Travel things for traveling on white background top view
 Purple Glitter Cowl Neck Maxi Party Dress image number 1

──────

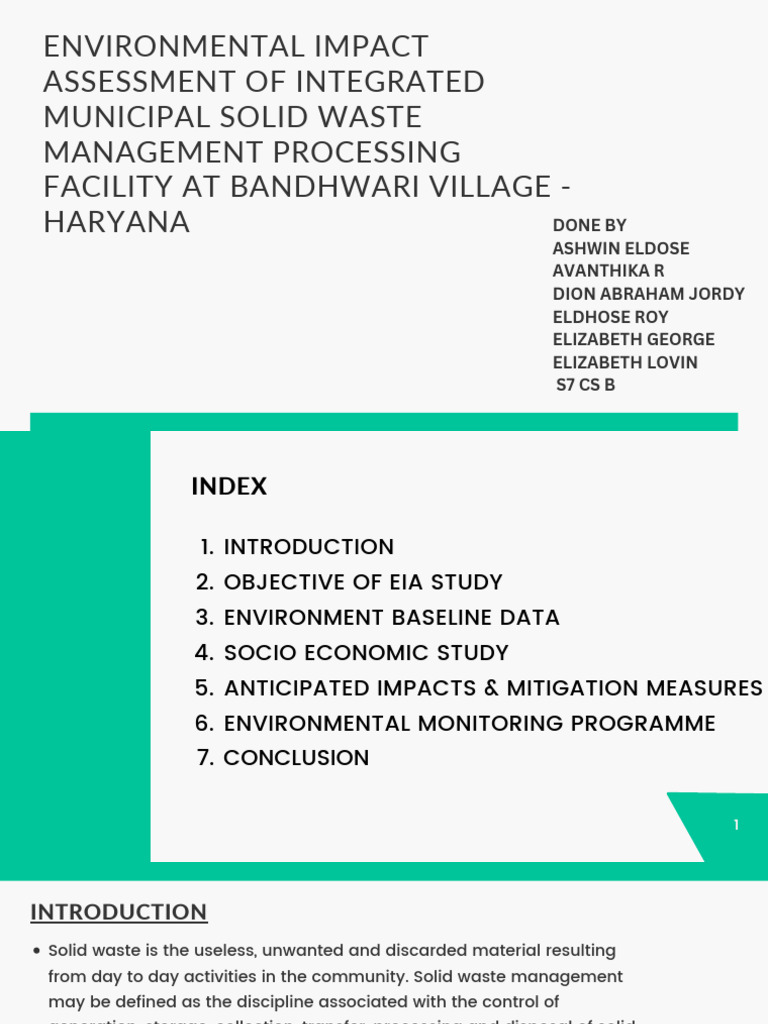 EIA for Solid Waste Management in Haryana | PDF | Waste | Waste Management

──────

ABOUT THIS EXERCISE
Please copy, exactly and with nothing else, the lines above beginning at the line that has "Travel things for" and ending with the line that has "Purple Glitter Cowl".

OUTPUT FOR THIS TASK
Travel things for traveling on white background top view
 Purple Glitter Cowl Neck Maxi Party Dress image number 1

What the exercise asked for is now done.